For example, this ...
#include <string.h> /* for memcpy() */
char str[19] = "This is an example";
memcpy(str + 7, str, 10);
... attempts to copy 10 bytes where the source and destination memory areas overlap by three bytes. To visualize:
overlapping area
|
_ _
| |
v v
T h i s i s a n e x a m p l e \0
^ ^
| |
| destination
|
source
Because of the overlap, the resulting behavior is undefined.
Among the standard library functions with a limitation of this kind are memcpy()
, strcpy()
, strcat()
, sprintf()
, and sscanf()
. The standard says of these and several other functions:
If copying takes place between objects that overlap, the behavior is undefined.
The memmove()
function is the principal exception to this rule. Its definition specifies that the function behaves as if the source data were first copied into a temporary buffer and then written to the destination address. There is no exception for overlapping source and destination regions, nor any need for one, so memmove()
has well-defined behavior in such cases.
The distinction reflects an efficiency vs. generality tradeoff. Copying such as these functions perform usually occurs between disjoint regions of memory, and often it is possible to know at development time whether a particular instance of memory copying will be in that category. Assuming non-overlap affords comparatively more efficient implementations that do not reliably produce correct results when the assumption does not hold. Most C library functions are allowed the more efficient implementations, and memmove()
fills in the gaps, serving the cases where the source and destination may or do overlap. To produce the correct effect in all cases, however, it must perform additional tests and / or employ a comparatively less efficient implementation.
# Signed integer overflow
Per paragraph 6.5/5 of both C99 and C11, evaluation of an expression produces undefined behavior if the result is not a representable value of the expression's type. For arithmetic types, that's called an overflow. Unsigned integer arithmetic does not overflow because paragraph 6.2.5/9 applies, causing any unsigned result that otherwise would be out of range to be reduced to an in-range value. There is no analogous provision for signed integer types, however; these can and do overflow, producing undefined behavior. For example,
#include <limits.h> /* to get INT_MAX */
int main(void) {
int i = INT_MAX + 1; /* Overflow happens here */
return 0;
}
Most instances of this type of undefined behavior are more difficult to recognize or predict. Overflow can in principle arise from any addition, subtraction, or multiplication operation on signed integers (subject to the usual arithmetic conversions) where there are not effective bounds on or a relationship between the operands to prevent it. For example, this function:
int square(int x) {
return x * x; /* overflows for some values of x */
}
is reasonable, and it does the right thing for small enough argument values, but its behavior is undefined for larger argument values. You cannot judge from the function alone whether programs that call it exhibit undefined behavior as a result. It depends on what arguments they pass to it.

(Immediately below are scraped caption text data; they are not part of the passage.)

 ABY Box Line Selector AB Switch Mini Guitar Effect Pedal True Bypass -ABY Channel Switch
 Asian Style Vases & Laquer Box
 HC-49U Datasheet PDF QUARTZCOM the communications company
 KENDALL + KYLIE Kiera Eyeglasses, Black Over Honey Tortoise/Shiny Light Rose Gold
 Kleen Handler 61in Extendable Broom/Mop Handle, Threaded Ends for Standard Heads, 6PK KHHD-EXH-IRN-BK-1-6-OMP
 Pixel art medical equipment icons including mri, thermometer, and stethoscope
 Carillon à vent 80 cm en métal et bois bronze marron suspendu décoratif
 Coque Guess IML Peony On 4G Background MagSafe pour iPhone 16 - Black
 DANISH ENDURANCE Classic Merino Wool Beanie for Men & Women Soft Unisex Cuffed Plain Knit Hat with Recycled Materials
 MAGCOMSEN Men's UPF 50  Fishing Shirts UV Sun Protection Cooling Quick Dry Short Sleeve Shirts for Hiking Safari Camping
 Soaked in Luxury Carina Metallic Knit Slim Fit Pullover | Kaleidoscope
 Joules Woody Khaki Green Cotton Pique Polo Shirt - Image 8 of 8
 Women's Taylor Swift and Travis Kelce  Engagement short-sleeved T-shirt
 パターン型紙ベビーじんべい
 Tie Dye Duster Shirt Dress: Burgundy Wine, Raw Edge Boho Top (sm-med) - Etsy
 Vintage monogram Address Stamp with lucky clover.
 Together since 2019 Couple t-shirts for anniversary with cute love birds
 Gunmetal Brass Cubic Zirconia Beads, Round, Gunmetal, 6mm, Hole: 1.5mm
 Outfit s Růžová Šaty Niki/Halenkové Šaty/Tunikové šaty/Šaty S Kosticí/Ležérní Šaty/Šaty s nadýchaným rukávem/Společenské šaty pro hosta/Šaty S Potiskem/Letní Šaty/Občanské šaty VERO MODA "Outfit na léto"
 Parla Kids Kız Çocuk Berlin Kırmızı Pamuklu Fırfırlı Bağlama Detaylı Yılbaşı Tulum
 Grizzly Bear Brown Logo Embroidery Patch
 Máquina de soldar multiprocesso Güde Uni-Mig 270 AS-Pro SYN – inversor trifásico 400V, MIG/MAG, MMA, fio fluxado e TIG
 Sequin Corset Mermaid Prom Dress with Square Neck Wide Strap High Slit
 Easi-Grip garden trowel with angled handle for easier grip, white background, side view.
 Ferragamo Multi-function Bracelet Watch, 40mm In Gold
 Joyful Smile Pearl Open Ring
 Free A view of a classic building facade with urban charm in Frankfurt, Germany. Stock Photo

On the other hand, consider this trivial example of overflow-safe signed integer arithmetic:
int zero(int x) {
return x - x; /* Cannot overflow */
}
The relationship between the operands of the subtraction operator ensures that the subtraction never overflows. Or consider this somewhat more practical example:
int sizeDelta(FILE *f1, FILE *f2) {
int count1 = 0;
int count2 = 0;
while (fgetc(f1) != EOF) count1++; /* might overflow */
while (fgetc(f2) != EOF) count2++; /* might overflow */
return count1 - count2; /* provided no UB to this point, will not overflow */
}
As long as that the counters do not overflow individually, the operands of the final subtraction will both be non-negative. All differences between any two such values are representable as int
.
# Use of an uninitialized variable
int a;
printf("%d", a);
The variable a
is an int
with automatic storage duration. The example code above is trying to print the value of an uninitialized variable (a
was never initialized). Automatic variables which are not initialized have indeterminate values; accessing these can lead to undefined behavior.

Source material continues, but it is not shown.